Work request
Below are some records. Output the lines from the first one through the line that holds "For example, if", exactly as written, with no pictures.

Collected data entries
━━━━━━━━━━━━━━━━━━━━
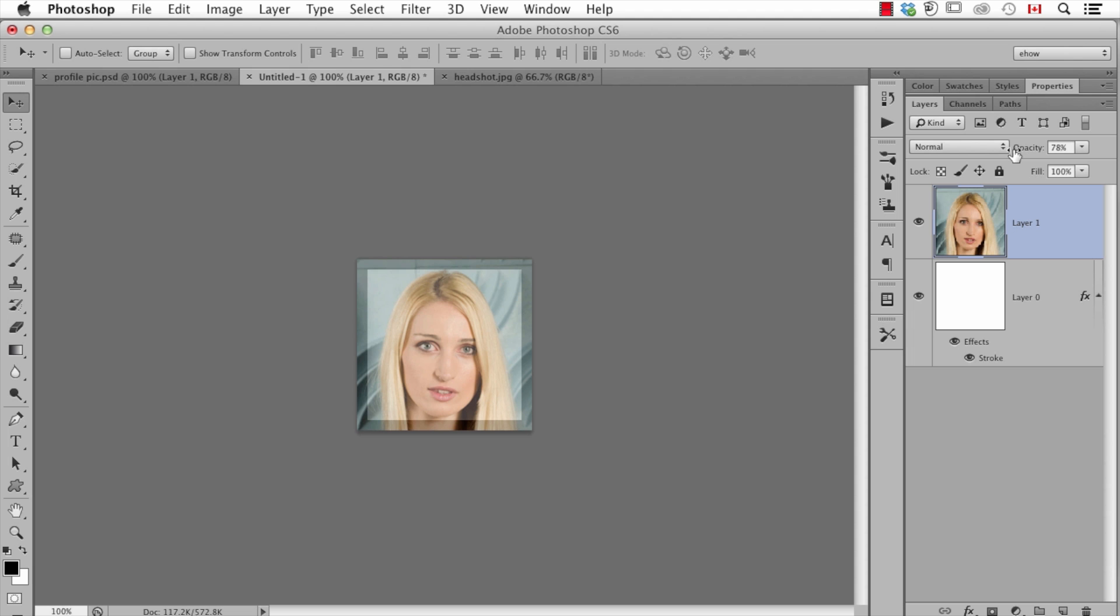Hi, I'm Dave Cross, Photoshop educator and instructor for CreativeLive. This is how to make Facebook profile pictures using Photoshop.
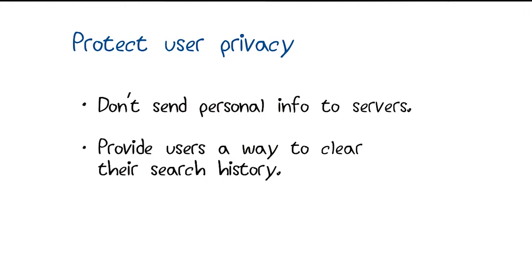For example, if a user is searching for a pizza restaurant near them, you don't need to send their user ID to the server along with their zip code. Now, in the rare case that you have to send personal info, you should never log it. And if for some reason you do have to log it, then you should protect that data extremely carefully and erase it as soon as possible. Also, be sure to provide users with an easy way to clear their search history.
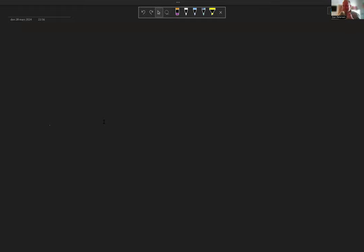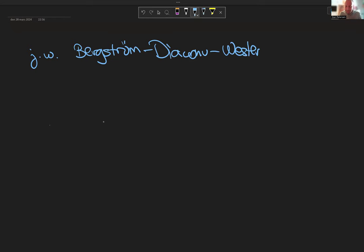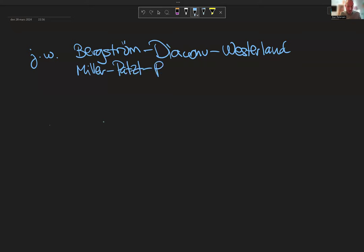Thanks for the invitation and the introduction. The talk I will give is about joint work. My co-authors are Jonas Bergström, Adrian Diakonu, and Craig Westerland. There is a second paper joint with Jeremy Miller, Peter Patzt, and Oscar Randall-Williams. Both papers are on the archive, and I will try to distinguish which results are from the first and which are from the second paper.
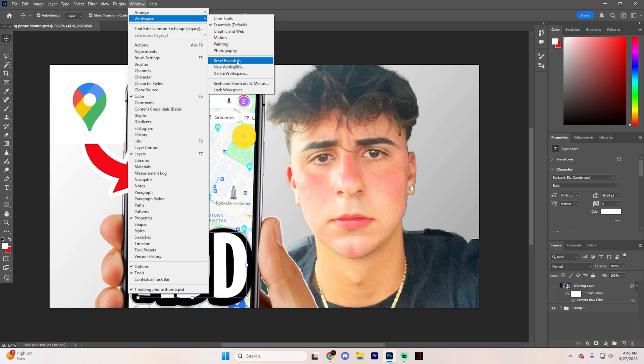But that's it — you've now restored your layers panel in Photoshop. If this video tutorial helped you out, give the video a thumbs up and don't forget to subscribe for more helpful content. Thank you so much for watching, have a good rest of your day.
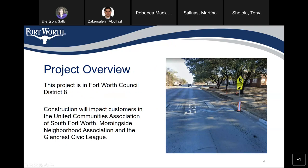This project is in Fort Worth Council District 8, and construction will impact customers in the United Communities Association of South Fort Worth, Morningside Neighborhood Association, and the Glencrest Civic League.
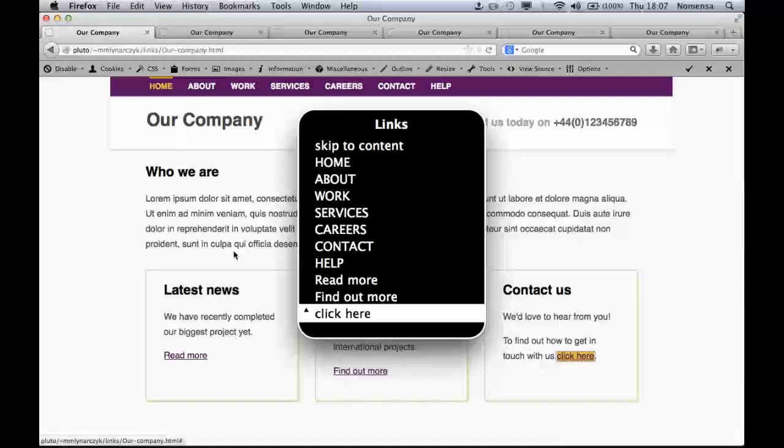Meaningless linked texts, such as read more, find out more, or click here, will not help users decide whether they want to follow the link.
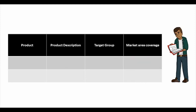You can list your own product with product description, target group, and market area coverage. You can have more than one product or service. Please list all of them.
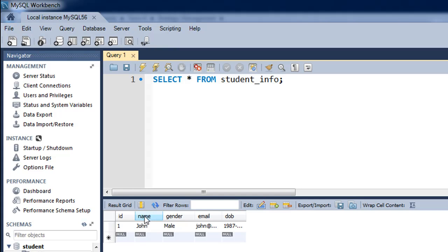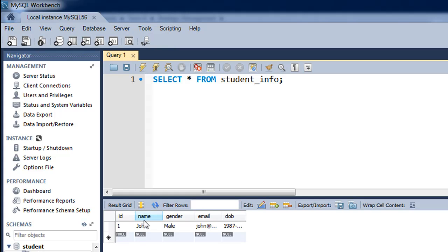This table has the following fields: ID, name, gender, email, and DOB. I've got a row of data already inserted. In this row, the value of ID is 1, name is John, gender is male, email is john@gmail.com, and DOB is 1987-01-25, which means 25th January 1987. Let's say you want to delete this row from this table.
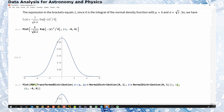This is the general scheme for deriving the properties of combined distributions. When you perform random operations like addition, you can construct the properties of the combined variables by combining the individual distributions via convolution.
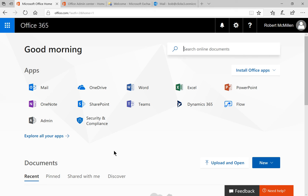We're in Microsoft Office 365 and we're going to take a look at mobile device management and creating a new access rule.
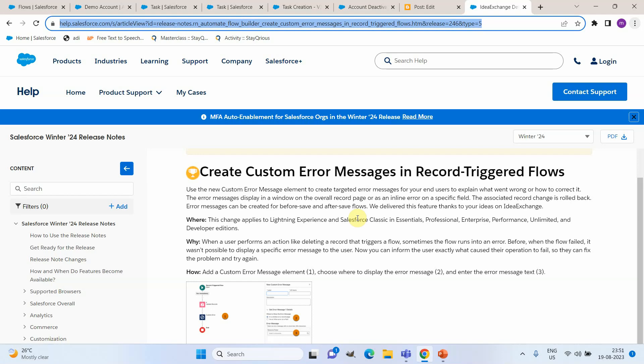Hi all, in this video we are going to see a new flow feature released by Salesforce as part of Winter '24 release. With this release we will be able to add custom error messages as part of record-triggered flows. This is available in both before and after save flows.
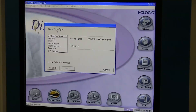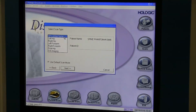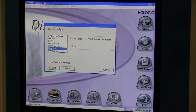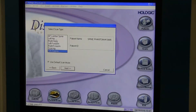Now we need to select our scan type or protocol: the AP lumbar spine, the left hip, right hip, left forearm, right forearm, dual hip, or IVA imaging. Some systems may have more options depending on the model of the system.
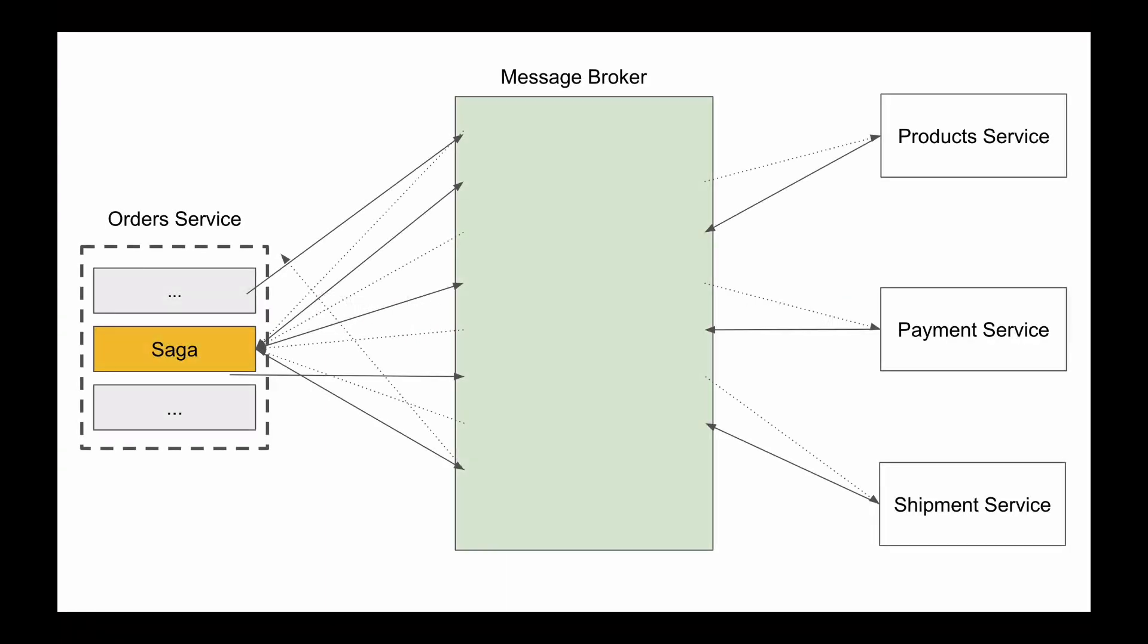Now, let's have a look at Orchestration-Based Saga. In the Orchestration-Based Saga you will have a microservice that, additionally to other classes, will also contain a Saga class. And this Saga class will act as an orchestrator or as a manager of commands that need to be sent.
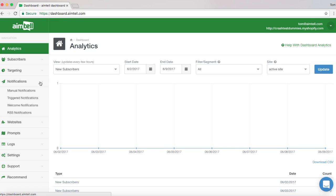Selecting Notifications will open up a small drop-down window with four options: Manual, Triggered, Welcome, and RSS Notifications. Select Welcome Notification.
━━━━━━━━━━━━━━━━━━━━
Output for this exercise
Hi, I'm Dave Cross, Photoshop educator and instructor for CreativeLive. This is how to make Facebook profile pictures using Photoshop.
For example, if a user is searching for a pizza restaurant near them, you don't need to send their user ID to the server along with their zip code. Now, in the rare case that you have to send personal info, you should never log it. And if for some reason you do have to log it, then you should protect that data extremely carefully and erase it as soon as possible. Also, be sure to provide users with an easy way to clear their search history.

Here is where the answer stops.